Their second collaboration, "The Bench", premiered in Norwich in May 2010 and has since toured to Belgium, the Netherlands and Spain. It was revamped as "Hello for Dummies" in 2011 and following its premiere in Lincoln visited Auckland in New Zealand.

His adaptation of Max Frisch's novel Gantenbein premiered in Berlin in 2005 and transferred to Zurich.
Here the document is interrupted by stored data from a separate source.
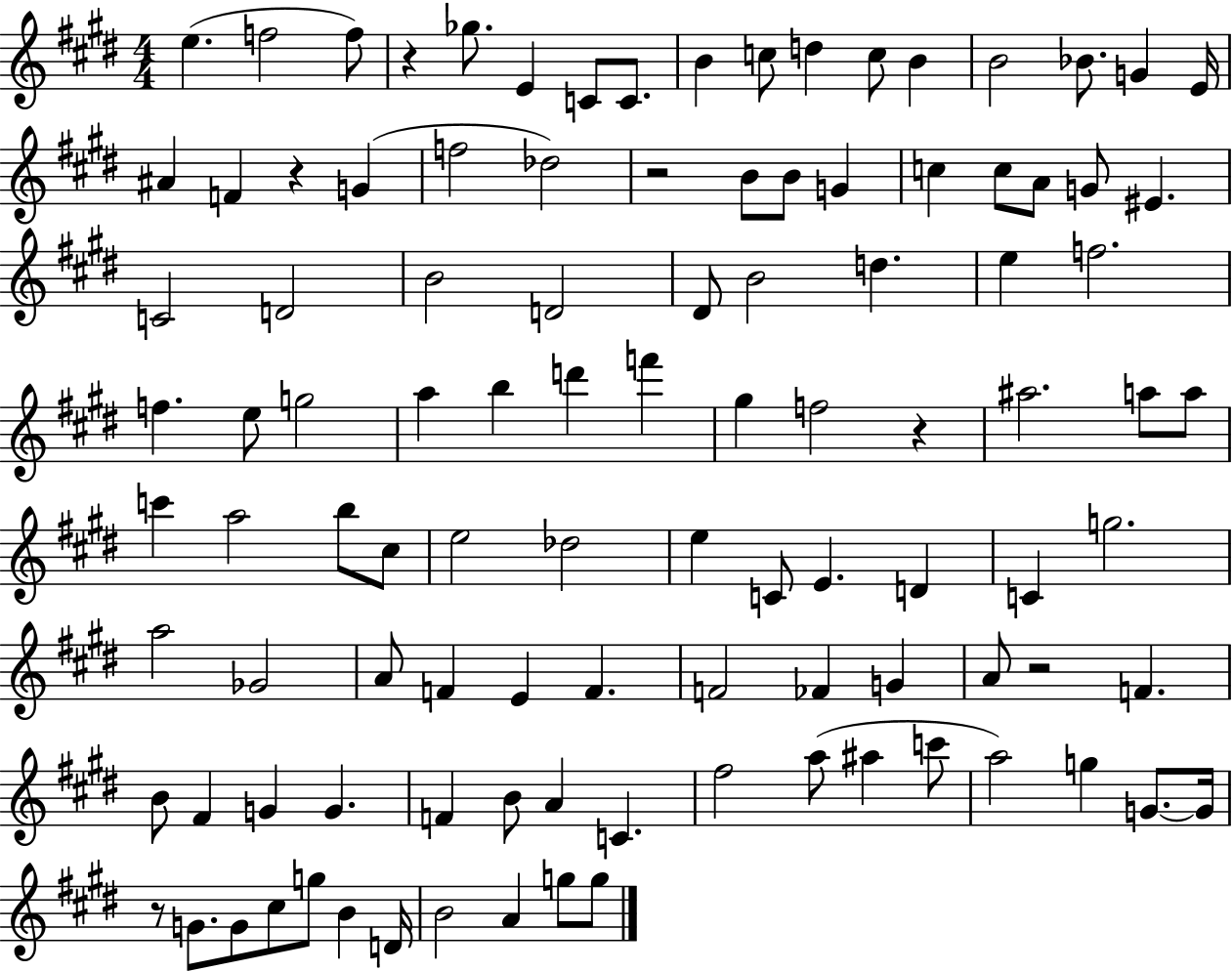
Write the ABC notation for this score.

X:1
T:Untitled
M:4/4
L:1/4
K:E
e f2 f/2 z _g/2 E C/2 C/2 B c/2 d c/2 B B2 _B/2 G E/4 ^A F z G f2 _d2 z2 B/2 B/2 G c c/2 A/2 G/2 ^E C2 D2 B2 D2 ^D/2 B2 d e f2 f e/2 g2 a b d' f' ^g f2 z ^a2 a/2 a/2 c' a2 b/2 ^c/2 e2 _d2 e C/2 E D C g2 a2 _G2 A/2 F E F F2 _F G A/2 z2 F B/2 ^F G G F B/2 A C ^f2 a/2 ^a c'/2 a2 g G/2 G/4 z/2 G/2 G/2 ^c/2 g/2 B D/4 B2 A g/2 g/2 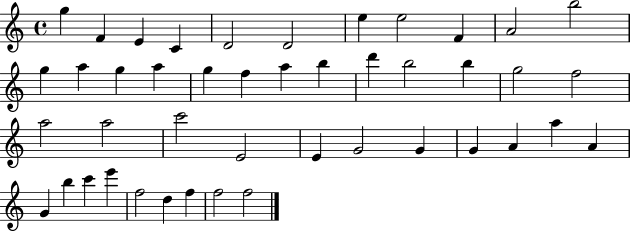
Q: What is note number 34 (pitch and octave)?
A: A5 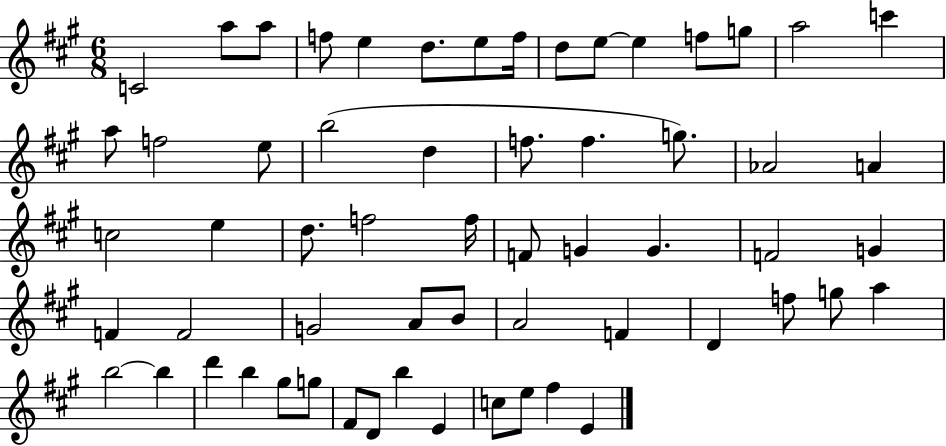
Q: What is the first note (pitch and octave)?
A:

His radio plays, Listen Up (2009), Six Impossible Things (2010), Occupied (with John Jordan, 2012) and "The Long Count" (2012), produced by Boz Temple Morris for Holy Mountain, were broadcast on BBC Radio 4.
He was selected as one of 10 writers commissioned to produce a short piece in response to the Austrian fortress at Fortezza for Manifesta7, the European Biennial of Contemporary Art which took place across four locations in Trentino-South Tyrol, Italy in 2008.
His sound installation, Body considering its pains, was presented at the home of the experimental London-based theatre company Shunt and subsequently at the ICA and as part of the First Fortnight Festival in Dublin.

Other plays include Closer to Ormsby, The highs and lows of owning your own home, The Superheroes, "Cuckoo" and "Untitled" (both of which received rehearsed readings at the Royal Court Theatre) and "End of the Round" which featured in the London New Playwrights Festival.